Der Spatz im Kamin
Ramon Zürcher, Suisse, 2024o
Karen et Markus vivent avec leurs enfants dans la maison des parents de Karen. Jule, la sœur de Karen, se rend avec sa famille à l'anniversaire de Markus. Alors que Karen coupe le souffle à tout le monde avec ses manières dominatrices, Jule est tout à fait à l'opposé. Peu à peu, un front se forme contre Karen...

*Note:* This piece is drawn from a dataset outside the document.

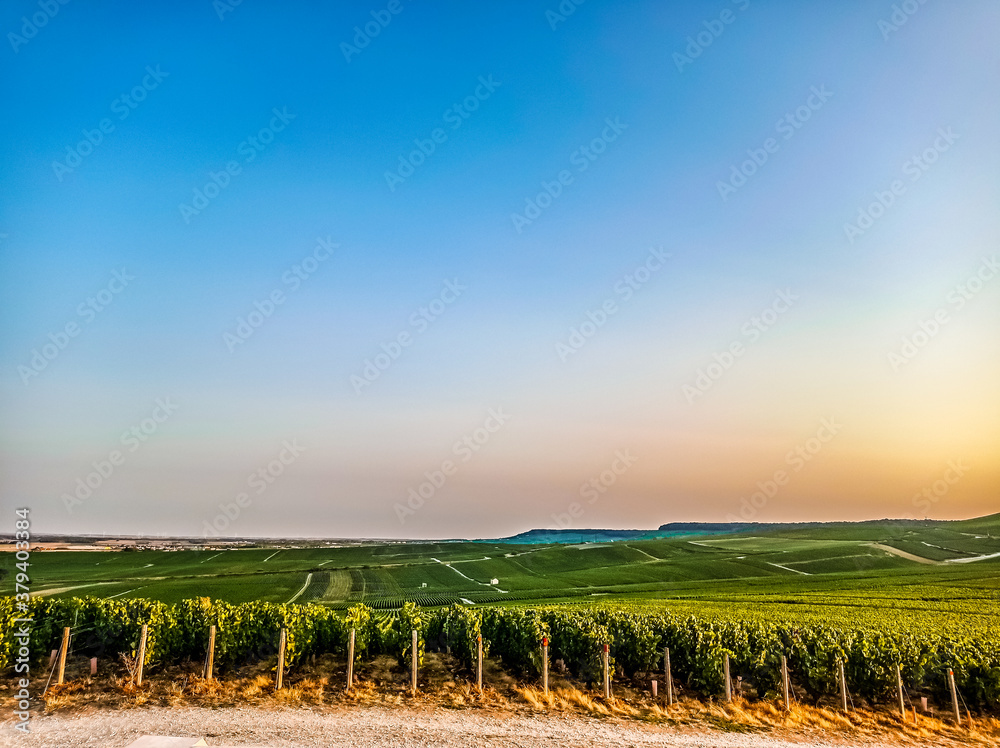 Fototapeta premium vineyard at sunset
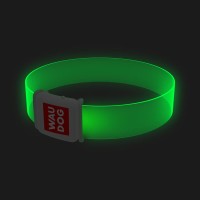 Collar Waudog Obroża dla psa z podświetleniem na klamrę magnetyczną 35 cm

Étrange film que Le moineau dans la cheminée, aussi curieux et fascinant qu’irritant. À peine croit-on saisir le cinéma des frères Zürcher qu’il se dérobe, empreinte une voie moins familière sous nos yeux impuissants de spectateurs avides de repères clairs, de balises nettes, de genres établis. Du haut de l’Olympe de la création, ils nous narguent ; on les aime (aussi) pour ça. Leur nouveaux long métrage débute comme une satire acerbe de la vie familiale, de ses tromperies, de ses non-dits : Karen vit avec son mari Markus et ses enfants dans la maison qui l’a vue grandir. Un beau jour d’été, elle accueille sa sœur, son compagnon et leurs enfants, venu·es fêter l’anniversaire de Markus. La mise en scène de ces retrouvailles familiales est littéralement asphyxiante : les personnages, qui passent leur temps à s’envoyer des piques acerbes et à se dire leurs quatre vérités sous des airs d’amabilité feinte, sont les un·es sur les autres – jamais seul·es, même quand ils le croient, il se trouve toujours quelqu’un pour les guetter. La première partie du film est la savante orchestration de ce jeu de regard : qui scrute qui, qui désire qui, qui en sait plus sur les autres que sur soi-même ? Alors que l’on croit s’être installé du mieux qu’on peut dans le film, qui cultive sciemment l’inconfort, les frères Zürcher lui font prendre un tour des plus surprenants. Accrochée au regard de Karen, dont on a appris entre-temps le lourd passé familial, l’œuvre se décroche petit à petit du réel (de ce que l’on appelle le réel), contaminé progressivement par des visions cauchemardesques. Le dysfonctionnement familial a atteint son sommet, aucun retour en arrière ne semble possible et par contamination tout se dérègle : le micro-onde, la machine à laver, les guirlandes. On prendra une autre fois le temps de livrer notre interprétation de la symbolique animalière du film et de son bestiaire mêlant le moineau du titre, des poules, un chat, un rat et de mystérieux cormorans. Une chose est sûre : avec Le moineau dans la cheminée, les frères Zürcher tutoient le Federico Fellini de Juliette des esprits et le Robert Altman de Images, autres grands films sur des femmes seules dans leur famille.